Top of my personal mbox, as seen in mutt:

      1 NDX 150302 Dr. Nelson Cody   ( 53) Top of the day                         
->    2  D+ 150302 ottokar-rybnik at wp (4456) FW: YTZC_Wyploty_UCU_opisy            
      3 NDX 150302 aragornwp at wp.pl   (4456) Re: HTYC_Wyploty_UBW_opisy            
      4 NDX 150302 dfrazierchsc at wp.p (4457) PD: FW: BQOX_Wyploty_UKV_opisy        
      5 NDX 150302 praca at wp.pl       (4456) FW: TDLG_Wyploty_UHZ_opisy            
      6 ND+ 150302 florex at wp.pl      (4456) Re: TMVA_Wyploty_UTL_opisy            
      7 NDX 150302 theressajzlnrajvl (4457) Re: CYZS_Wyploty_UXF_opisy            
      8 NDX 150302 ireneusznych at wp.p (4456) Re: PD: FW: FSNP_Wyploty_UGR_opisy    
      9 NDX 150302 elux at wp.pl        (4456) Re: PD: FW: JXAV_Wyploty_UMO_opisy    
     10 NDX 150302 artbed at wp.pl      (4457) PD: FW: VDCG_Wyploty_UQV_opisy        
     11 NDX 150302 lford at wp.pl       (4456) PD: FW: UDBJ_Wyploty_URD_opisy        
     12 NDX 150302 doniec at wp.pl      (4456) PD: ZKNV_Wyploty_UVD_opisy            
     13 NDX 150302 noconwojciech at wp. (4456) PD: FW: QRBM_Wyploty_UGW_opisy        
     14 NDX 150302 basia1937 at wp.pl   (4456) Re: PD: FW: PSLH_Wyploty_UJQ_opisy    
     15 N X 150302 logcheck system a (  4) linuxmafia.com 2015-03-02 01:02 System 
     16 NDX 150302 detainmentk95 at wp. (4456) Re: ZXSM_Wyploty_UBE_opisy            

All of those similar-looking ones are doubtless the same spams you spoke
of, consisting pretty much entirely of just a Zip archive attachment.
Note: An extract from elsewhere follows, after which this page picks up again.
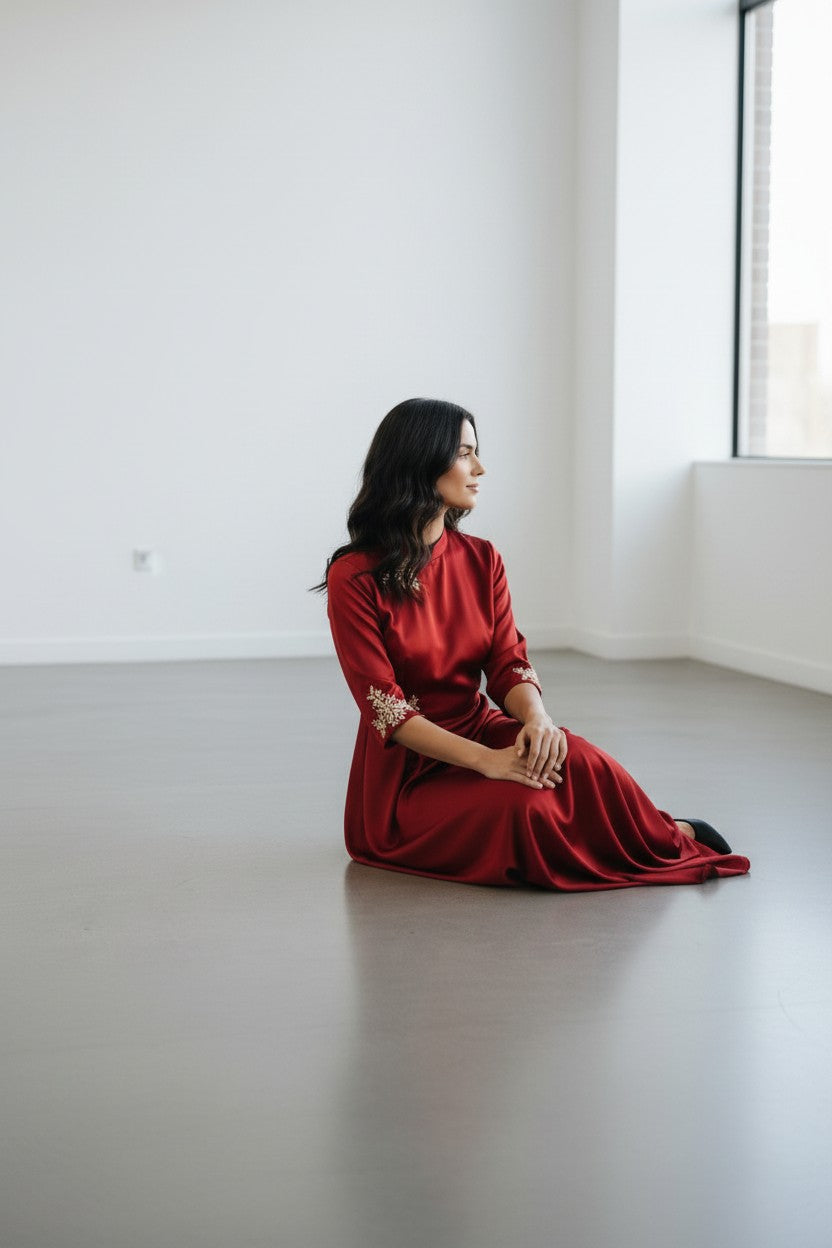 Rangoli red satin maxi dress with mandarin collar and gold embroidery on neckline and sleeves. Floor-length gown for formal events.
So, the thing is, there's only so much you can do to _automatically_
recognise spam.  The closest one can come to telling the software
'Consider to be spam anything that looks approximately like _this_' 
is to feed mails of that sort to a Bayesian classifier.  This cannot 
really be done fully programmatically:  A human needs to pick them out
and do the feeding.

And that's just what I'm doing.  One of a number of factors Exim4 (the
MTA) uses to decide spamicity is the assessment of spamd, the daemonised
(and system-wide) form of SpamAssassin.  spamd includes a Bayesian
classifier, and you need to continually feed it examples of spam and of
ham (non-spam) that you wish it to generalise from.
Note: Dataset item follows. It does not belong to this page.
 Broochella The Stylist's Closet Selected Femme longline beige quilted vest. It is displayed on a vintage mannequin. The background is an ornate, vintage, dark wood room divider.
I saved the one's I'm referring to below, writing them out to mbox
/tmp/spam.

Then:

linuxmafia:/# su - Debian-exim
Debian-exim at linuxmafia:~$ sa-learn --spam --mbox /tmp/spam
Learned tokens from 0 message(s) (0 message(s) examined)
Debian-exim at linuxmafia:~$ 

What the hell?

Let's compare against using the same tool to 'learn' an mbox of known 
non-spam, /tmp/ham:

Debian-exim at linuxmafia:~$ sa-learn --ham --mbox /tmp/ham
Learned tokens from 11 message(s) (11 message(s) examined)
Debian-exim at linuxmafia:~$ 

OK, nothing particularly wrong with the Bayesian classifier; it's
something about those particular messages (the spams).  Doesn't take
much Web-searching to confirm my suspicion:

http://fixunix.com/spamassassin/253119-re-sa-learn-max-message-size.html

  [The] maximal size of message parsed by SA is hardcoded at 256K.
  I think that applies for reporting as well as for checking

That was my recollection, too.  If really huge messages were scanned and 
classified, the tokens database files would be easily overwhelmed, and
basically you would end up DoSing yourself.  After manually using mutt
to whack down the size of each of the 14 spam messages in /tmp/spam 
(essentially deleting all but about 20 of each message's attached
Base65-encoded Zip archive):

Debian-exim at linuxmafia:~$ sa-learn --spam --mbox /tmp/spam 
Learned tokens from 14 message(s) (14 message(s) examined)
Debian-exim at linuxmafia:~$

There.   However, I fear that this really won't help much, because spamd
lacks the ability (in the version I have installed, at least) to, say,
read and analyse the first 256kB of any large message and ignore
everything after that.

So, that probably explains why there's been a flurry of such things
arriving at Mailman.  Not _onto_ the mailing lists, of course, but I'm
sure listadmins see some of it lodging in the Mailman admin queues.
As with all such held spam, it's easy to just disregard it in the queues
and let it age out and get thrown away.

I'm afraid I can't spare the time to do this sort of thing _very_
frequently, especially the bits that require diagnosis time.